WORK TO COMPLETE: Take the entries below and print only the lines from the one with "MT-723 – bateryjny" through the one with "Tante Janda Cantik Pasrah Servis Kasur Crot", exactly as they stand, both ends included.

Records from a dataset:
--------------------------------------------------

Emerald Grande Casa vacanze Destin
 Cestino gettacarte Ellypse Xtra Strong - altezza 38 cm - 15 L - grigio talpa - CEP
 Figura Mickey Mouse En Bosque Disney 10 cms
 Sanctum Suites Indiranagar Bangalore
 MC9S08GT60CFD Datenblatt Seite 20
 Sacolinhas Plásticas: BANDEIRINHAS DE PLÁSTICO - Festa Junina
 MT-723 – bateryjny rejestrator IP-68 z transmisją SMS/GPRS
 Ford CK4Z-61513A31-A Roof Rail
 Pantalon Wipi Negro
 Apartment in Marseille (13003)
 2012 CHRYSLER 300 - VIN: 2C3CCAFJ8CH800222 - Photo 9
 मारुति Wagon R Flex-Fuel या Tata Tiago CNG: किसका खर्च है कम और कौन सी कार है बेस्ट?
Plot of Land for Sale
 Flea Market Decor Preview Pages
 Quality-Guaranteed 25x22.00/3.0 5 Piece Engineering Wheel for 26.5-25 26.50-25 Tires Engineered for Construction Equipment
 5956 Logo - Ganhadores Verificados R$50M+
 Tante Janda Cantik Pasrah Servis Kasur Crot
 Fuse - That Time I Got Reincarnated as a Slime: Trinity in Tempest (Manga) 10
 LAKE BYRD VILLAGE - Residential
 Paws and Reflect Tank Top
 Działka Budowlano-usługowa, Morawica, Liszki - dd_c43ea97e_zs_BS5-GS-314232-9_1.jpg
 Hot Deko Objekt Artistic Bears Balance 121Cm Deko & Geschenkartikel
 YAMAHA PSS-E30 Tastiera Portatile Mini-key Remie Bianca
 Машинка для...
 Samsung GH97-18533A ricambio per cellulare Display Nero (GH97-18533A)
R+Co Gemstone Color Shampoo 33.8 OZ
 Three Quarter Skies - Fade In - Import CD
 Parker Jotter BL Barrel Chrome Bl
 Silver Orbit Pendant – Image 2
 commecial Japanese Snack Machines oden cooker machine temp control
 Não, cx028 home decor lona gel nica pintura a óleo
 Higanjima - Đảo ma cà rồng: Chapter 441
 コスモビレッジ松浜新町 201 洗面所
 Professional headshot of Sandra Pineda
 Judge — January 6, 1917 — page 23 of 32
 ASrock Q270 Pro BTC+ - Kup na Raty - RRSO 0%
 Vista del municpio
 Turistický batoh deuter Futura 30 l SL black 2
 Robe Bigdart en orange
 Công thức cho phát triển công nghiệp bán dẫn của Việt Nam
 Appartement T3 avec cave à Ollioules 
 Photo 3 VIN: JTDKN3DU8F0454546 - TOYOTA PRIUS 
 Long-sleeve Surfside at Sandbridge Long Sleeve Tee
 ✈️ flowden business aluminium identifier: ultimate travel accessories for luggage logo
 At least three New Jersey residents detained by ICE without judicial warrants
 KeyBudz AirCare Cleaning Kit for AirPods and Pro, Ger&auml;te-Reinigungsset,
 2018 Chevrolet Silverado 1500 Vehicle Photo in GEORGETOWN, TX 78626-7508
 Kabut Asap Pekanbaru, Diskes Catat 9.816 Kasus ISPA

--------------------------------------------------

THE COMPLETED TASK:
 MT-723 – bateryjny rejestrator IP-68 z transmisją SMS/GPRS
 Ford CK4Z-61513A31-A Roof Rail
 Pantalon Wipi Negro
 Apartment in Marseille (13003)
 2012 CHRYSLER 300 - VIN: 2C3CCAFJ8CH800222 - Photo 9
 मारुति Wagon R Flex-Fuel या Tata Tiago CNG: किसका खर्च है कम और कौन सी कार है बेस्ट?
Plot of Land for Sale
 Flea Market Decor Preview Pages
 Quality-Guaranteed 25x22.00/3.0 5 Piece Engineering Wheel for 26.5-25 26.50-25 Tires Engineered for Construction Equipment
 5956 Logo - Ganhadores Verificados R$50M+
 Tante Janda Cantik Pasrah Servis Kasur Crot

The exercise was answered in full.